### [What this task involves]
Restate verbatim the span of lines below between the line with "So I hope this" and the line with "The standard curve is", including those two lines, and only that span.

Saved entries
┌──
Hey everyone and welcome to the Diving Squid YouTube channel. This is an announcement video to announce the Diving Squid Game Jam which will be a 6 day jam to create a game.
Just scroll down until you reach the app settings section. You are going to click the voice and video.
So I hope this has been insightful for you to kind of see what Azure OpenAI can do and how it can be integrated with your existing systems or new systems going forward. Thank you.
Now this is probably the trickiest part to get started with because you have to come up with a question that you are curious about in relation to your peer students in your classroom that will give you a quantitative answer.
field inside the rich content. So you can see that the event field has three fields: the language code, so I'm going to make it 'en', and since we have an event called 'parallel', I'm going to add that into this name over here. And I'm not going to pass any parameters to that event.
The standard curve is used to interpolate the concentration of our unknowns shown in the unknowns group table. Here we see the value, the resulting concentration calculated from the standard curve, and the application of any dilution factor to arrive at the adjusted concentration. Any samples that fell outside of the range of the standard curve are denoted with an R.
└──
┌──
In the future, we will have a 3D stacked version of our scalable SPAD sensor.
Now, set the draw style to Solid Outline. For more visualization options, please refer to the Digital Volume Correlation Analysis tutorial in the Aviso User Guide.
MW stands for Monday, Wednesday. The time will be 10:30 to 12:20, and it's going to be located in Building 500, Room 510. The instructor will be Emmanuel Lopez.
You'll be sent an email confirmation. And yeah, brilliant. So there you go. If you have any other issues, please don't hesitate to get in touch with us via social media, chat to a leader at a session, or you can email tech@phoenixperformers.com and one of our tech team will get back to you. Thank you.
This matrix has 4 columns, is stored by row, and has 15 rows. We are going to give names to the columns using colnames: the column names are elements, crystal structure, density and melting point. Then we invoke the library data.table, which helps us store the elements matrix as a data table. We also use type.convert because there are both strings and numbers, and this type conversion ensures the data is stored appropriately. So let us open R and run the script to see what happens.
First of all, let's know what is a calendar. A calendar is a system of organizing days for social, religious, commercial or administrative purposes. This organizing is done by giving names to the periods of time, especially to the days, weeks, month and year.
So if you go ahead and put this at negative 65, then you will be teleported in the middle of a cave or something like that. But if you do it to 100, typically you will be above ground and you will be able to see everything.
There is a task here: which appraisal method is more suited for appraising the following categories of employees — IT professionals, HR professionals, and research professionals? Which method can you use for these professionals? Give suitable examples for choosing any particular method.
└──
### [Answer section]
So I hope this has been insightful for you to kind of see what Azure OpenAI can do and how it can be integrated with your existing systems or new systems going forward. Thank you.
Now this is probably the trickiest part to get started with because you have to come up with a question that you are curious about in relation to your peer students in your classroom that will give you a quantitative answer.
field inside the rich content. So you can see that the event field has three fields: the language code, so I'm going to make it 'en', and since we have an event called 'parallel', I'm going to add that into this name over here. And I'm not going to pass any parameters to that event.
The standard curve is used to interpolate the concentration of our unknowns shown in the unknowns group table. Here we see the value, the resulting concentration calculated from the standard curve, and the application of any dilution factor to arrive at the adjusted concentration. Any samples that fell outside of the range of the standard curve are denoted with an R.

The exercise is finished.